> [WHAT TO WORK ON] Every record must reappear in the answer exactly as given.

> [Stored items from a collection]
────

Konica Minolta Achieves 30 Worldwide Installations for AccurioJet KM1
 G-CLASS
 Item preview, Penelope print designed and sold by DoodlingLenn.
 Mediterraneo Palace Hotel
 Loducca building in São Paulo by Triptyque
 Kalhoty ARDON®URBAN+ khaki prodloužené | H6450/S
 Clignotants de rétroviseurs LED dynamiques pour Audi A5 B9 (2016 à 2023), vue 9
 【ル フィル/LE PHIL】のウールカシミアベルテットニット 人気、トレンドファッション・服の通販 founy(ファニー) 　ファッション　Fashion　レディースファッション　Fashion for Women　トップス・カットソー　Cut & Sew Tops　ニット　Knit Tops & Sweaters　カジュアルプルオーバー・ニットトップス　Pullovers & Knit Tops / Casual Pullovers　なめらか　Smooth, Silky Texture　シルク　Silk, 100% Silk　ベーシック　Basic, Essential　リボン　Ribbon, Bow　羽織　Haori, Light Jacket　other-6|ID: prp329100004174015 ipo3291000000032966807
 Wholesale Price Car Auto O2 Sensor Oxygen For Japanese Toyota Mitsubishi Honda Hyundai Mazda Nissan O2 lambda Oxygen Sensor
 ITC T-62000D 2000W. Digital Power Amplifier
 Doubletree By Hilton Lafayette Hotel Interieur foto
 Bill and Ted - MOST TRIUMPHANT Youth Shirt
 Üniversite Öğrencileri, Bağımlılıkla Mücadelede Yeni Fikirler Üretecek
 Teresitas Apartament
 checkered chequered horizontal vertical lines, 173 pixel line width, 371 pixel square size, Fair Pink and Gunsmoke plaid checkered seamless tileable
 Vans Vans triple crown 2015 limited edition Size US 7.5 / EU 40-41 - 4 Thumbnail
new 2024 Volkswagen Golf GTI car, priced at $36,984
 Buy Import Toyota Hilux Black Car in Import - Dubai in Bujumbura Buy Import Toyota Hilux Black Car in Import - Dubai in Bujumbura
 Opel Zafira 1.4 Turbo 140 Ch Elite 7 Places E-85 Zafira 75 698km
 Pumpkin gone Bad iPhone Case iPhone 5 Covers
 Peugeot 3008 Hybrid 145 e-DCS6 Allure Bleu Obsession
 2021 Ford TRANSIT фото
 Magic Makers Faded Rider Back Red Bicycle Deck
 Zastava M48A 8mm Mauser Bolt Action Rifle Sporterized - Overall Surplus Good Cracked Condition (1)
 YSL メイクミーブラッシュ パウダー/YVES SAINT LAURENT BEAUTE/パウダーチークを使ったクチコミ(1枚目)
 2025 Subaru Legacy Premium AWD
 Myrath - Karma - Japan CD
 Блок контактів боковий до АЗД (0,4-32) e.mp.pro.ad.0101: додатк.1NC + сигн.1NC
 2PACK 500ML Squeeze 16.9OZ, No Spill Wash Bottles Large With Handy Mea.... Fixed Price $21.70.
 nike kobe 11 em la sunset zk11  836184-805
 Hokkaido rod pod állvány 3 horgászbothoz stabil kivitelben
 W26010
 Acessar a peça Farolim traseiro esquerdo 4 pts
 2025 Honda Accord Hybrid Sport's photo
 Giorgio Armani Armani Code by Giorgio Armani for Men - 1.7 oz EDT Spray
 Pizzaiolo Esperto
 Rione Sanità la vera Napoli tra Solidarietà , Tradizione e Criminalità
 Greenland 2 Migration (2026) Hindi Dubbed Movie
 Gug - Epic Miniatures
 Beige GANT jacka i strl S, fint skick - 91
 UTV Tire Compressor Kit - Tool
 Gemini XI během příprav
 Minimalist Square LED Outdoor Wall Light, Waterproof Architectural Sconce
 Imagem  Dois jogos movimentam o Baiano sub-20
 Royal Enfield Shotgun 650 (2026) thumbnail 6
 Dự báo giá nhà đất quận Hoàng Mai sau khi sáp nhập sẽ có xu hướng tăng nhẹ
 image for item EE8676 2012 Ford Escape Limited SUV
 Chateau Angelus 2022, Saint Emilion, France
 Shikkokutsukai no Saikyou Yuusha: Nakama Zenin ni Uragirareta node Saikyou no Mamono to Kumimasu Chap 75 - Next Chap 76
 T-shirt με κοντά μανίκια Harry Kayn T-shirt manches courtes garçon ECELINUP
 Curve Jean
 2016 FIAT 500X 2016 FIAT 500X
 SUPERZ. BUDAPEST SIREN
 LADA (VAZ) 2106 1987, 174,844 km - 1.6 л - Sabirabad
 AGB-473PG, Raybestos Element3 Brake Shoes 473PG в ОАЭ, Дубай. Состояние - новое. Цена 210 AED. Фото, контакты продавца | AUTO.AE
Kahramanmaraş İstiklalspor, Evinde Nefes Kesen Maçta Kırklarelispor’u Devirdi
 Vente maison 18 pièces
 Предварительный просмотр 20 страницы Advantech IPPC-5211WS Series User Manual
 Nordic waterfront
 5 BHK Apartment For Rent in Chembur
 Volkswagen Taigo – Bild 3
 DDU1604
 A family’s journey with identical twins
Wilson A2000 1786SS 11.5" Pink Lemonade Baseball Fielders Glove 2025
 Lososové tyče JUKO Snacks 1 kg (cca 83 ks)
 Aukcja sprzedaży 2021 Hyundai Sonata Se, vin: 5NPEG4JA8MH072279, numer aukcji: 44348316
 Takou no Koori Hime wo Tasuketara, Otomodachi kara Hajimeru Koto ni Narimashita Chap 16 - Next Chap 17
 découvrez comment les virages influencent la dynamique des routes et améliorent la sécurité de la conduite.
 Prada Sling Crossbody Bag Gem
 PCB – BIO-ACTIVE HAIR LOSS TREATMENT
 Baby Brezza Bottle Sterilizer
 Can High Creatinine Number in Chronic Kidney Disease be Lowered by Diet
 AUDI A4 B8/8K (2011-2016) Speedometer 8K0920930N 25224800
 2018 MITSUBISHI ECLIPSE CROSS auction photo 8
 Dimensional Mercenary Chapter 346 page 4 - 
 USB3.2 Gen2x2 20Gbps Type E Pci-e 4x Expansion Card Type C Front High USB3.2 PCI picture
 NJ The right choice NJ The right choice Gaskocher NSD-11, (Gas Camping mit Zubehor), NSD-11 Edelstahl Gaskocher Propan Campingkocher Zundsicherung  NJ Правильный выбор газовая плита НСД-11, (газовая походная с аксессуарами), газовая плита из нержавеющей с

────

> [EXERCISE OUTPUT]
Konica Minolta Achieves 30 Worldwide Installations for AccurioJet KM1
 G-CLASS
 Item preview, Penelope print designed and sold by DoodlingLenn.
 Mediterraneo Palace Hotel
 Loducca building in São Paulo by Triptyque
 Kalhoty ARDON®URBAN+ khaki prodloužené | H6450/S
 Clignotants de rétroviseurs LED dynamiques pour Audi A5 B9 (2016 à 2023), vue 9
 【ル フィル/LE PHIL】のウールカシミアベルテットニット 人気、トレンドファッション・服の通販 founy(ファニー) 　ファッション　Fashion　レディースファッション　Fashion for Women　トップス・カットソー　Cut & Sew Tops　ニット　Knit Tops & Sweaters　カジュアルプルオーバー・ニットトップス　Pullovers & Knit Tops / Casual Pullovers　なめらか　Smooth, Silky Texture　シルク　Silk, 100% Silk　ベーシック　Basic, Essential　リボン　Ribbon, Bow　羽織　Haori, Light Jacket　other-6|ID: prp329100004174015 ipo3291000000032966807
 Wholesale Price Car Auto O2 Sensor Oxygen For Japanese Toyota Mitsubishi Honda Hyundai Mazda Nissan O2 lambda Oxygen Sensor
 ITC T-62000D 2000W. Digital Power Amplifier
 Doubletree By Hilton Lafayette Hotel Interieur foto
 Bill and Ted - MOST TRIUMPHANT Youth Shirt
 Üniversite Öğrencileri, Bağımlılıkla Mücadelede Yeni Fikirler Üretecek
 Teresitas Apartament
 checkered chequered horizontal vertical lines, 173 pixel line width, 371 pixel square size, Fair Pink and Gunsmoke plaid checkered seamless tileable
 Vans Vans triple crown 2015 limited edition Size US 7.5 / EU 40-41 - 4 Thumbnail
new 2024 Volkswagen Golf GTI car, priced at $36,984
 Buy Import Toyota Hilux Black Car in Import - Dubai in Bujumbura Buy Import Toyota Hilux Black Car in Import - Dubai in Bujumbura
 Opel Zafira 1.4 Turbo 140 Ch Elite 7 Places E-85 Zafira 75 698km
 Pumpkin gone Bad iPhone Case iPhone 5 Covers
 Peugeot 3008 Hybrid 145 e-DCS6 Allure Bleu Obsession
 2021 Ford TRANSIT фото
 Magic Makers Faded Rider Back Red Bicycle Deck
 Zastava M48A 8mm Mauser Bolt Action Rifle Sporterized - Overall Surplus Good Cracked Condition (1)
 YSL メイクミーブラッシュ パウダー/YVES SAINT LAURENT BEAUTE/パウダーチークを使ったクチコミ(1枚目)
 2025 Subaru Legacy Premium AWD
 Myrath - Karma - Japan CD
 Блок контактів боковий до АЗД (0,4-32) e.mp.pro.ad.0101: додатк.1NC + сигн.1NC
 2PACK 500ML Squeeze 16.9OZ, No Spill Wash Bottles Large With Handy Mea.... Fixed Price $21.70.
 nike kobe 11 em la sunset zk11  836184-805
 Hokkaido rod pod állvány 3 horgászbothoz stabil kivitelben
 W26010
 Acessar a peça Farolim traseiro esquerdo 4 pts
 2025 Honda Accord Hybrid Sport's photo
 Giorgio Armani Armani Code by Giorgio Armani for Men - 1.7 oz EDT Spray
 Pizzaiolo Esperto
 Rione Sanità la vera Napoli tra Solidarietà , Tradizione e Criminalità
 Greenland 2 Migration (2026) Hindi Dubbed Movie
 Gug - Epic Miniatures
 Beige GANT jacka i strl S, fint skick - 91
 UTV Tire Compressor Kit - Tool
 Gemini XI během příprav
 Minimalist Square LED Outdoor Wall Light, Waterproof Architectural Sconce
 Imagem  Dois jogos movimentam o Baiano sub-20
 Royal Enfield Shotgun 650 (2026) thumbnail 6
 Dự báo giá nhà đất quận Hoàng Mai sau khi sáp nhập sẽ có xu hướng tăng nhẹ
 image for item EE8676 2012 Ford Escape Limited SUV
 Chateau Angelus 2022, Saint Emilion, France
 Shikkokutsukai no Saikyou Yuusha: Nakama Zenin ni Uragirareta node Saikyou no Mamono to Kumimasu Chap 75 - Next Chap 76
 T-shirt με κοντά μανίκια Harry Kayn T-shirt manches courtes garçon ECELINUP
 Curve Jean
 2016 FIAT 500X 2016 FIAT 500X
 SUPERZ. BUDAPEST SIREN
 LADA (VAZ) 2106 1987, 174,844 km - 1.6 л - Sabirabad
 AGB-473PG, Raybestos Element3 Brake Shoes 473PG в ОАЭ, Дубай. Состояние - новое. Цена 210 AED. Фото, контакты продавца | AUTO.AE
Kahramanmaraş İstiklalspor, Evinde Nefes Kesen Maçta Kırklarelispor’u Devirdi
 Vente maison 18 pièces
 Предварительный просмотр 20 страницы Advantech IPPC-5211WS Series User Manual
 Nordic waterfront
 5 BHK Apartment For Rent in Chembur
 Volkswagen Taigo – Bild 3
 DDU1604
 A family’s journey with identical twins
Wilson A2000 1786SS 11.5" Pink Lemonade Baseball Fielders Glove 2025
 Lososové tyče JUKO Snacks 1 kg (cca 83 ks)
 Aukcja sprzedaży 2021 Hyundai Sonata Se, vin: 5NPEG4JA8MH072279, numer aukcji: 44348316
 Takou no Koori Hime wo Tasuketara, Otomodachi kara Hajimeru Koto ni Narimashita Chap 16 - Next Chap 17
 découvrez comment les virages influencent la dynamique des routes et améliorent la sécurité de la conduite.
 Prada Sling Crossbody Bag Gem
 PCB – BIO-ACTIVE HAIR LOSS TREATMENT
 Baby Brezza Bottle Sterilizer
 Can High Creatinine Number in Chronic Kidney Disease be Lowered by Diet
 AUDI A4 B8/8K (2011-2016) Speedometer 8K0920930N 25224800
 2018 MITSUBISHI ECLIPSE CROSS auction photo 8
 Dimensional Mercenary Chapter 346 page 4 - 
 USB3.2 Gen2x2 20Gbps Type E Pci-e 4x Expansion Card Type C Front High USB3.2 PCI picture
 NJ The right choice NJ The right choice Gaskocher NSD-11, (Gas Camping mit Zubehor), NSD-11 Edelstahl Gaskocher Propan Campingkocher Zundsicherung  NJ Правильный выбор газовая плита НСД-11, (газовая походная с аксессуарами), газовая плита из нержавеющей с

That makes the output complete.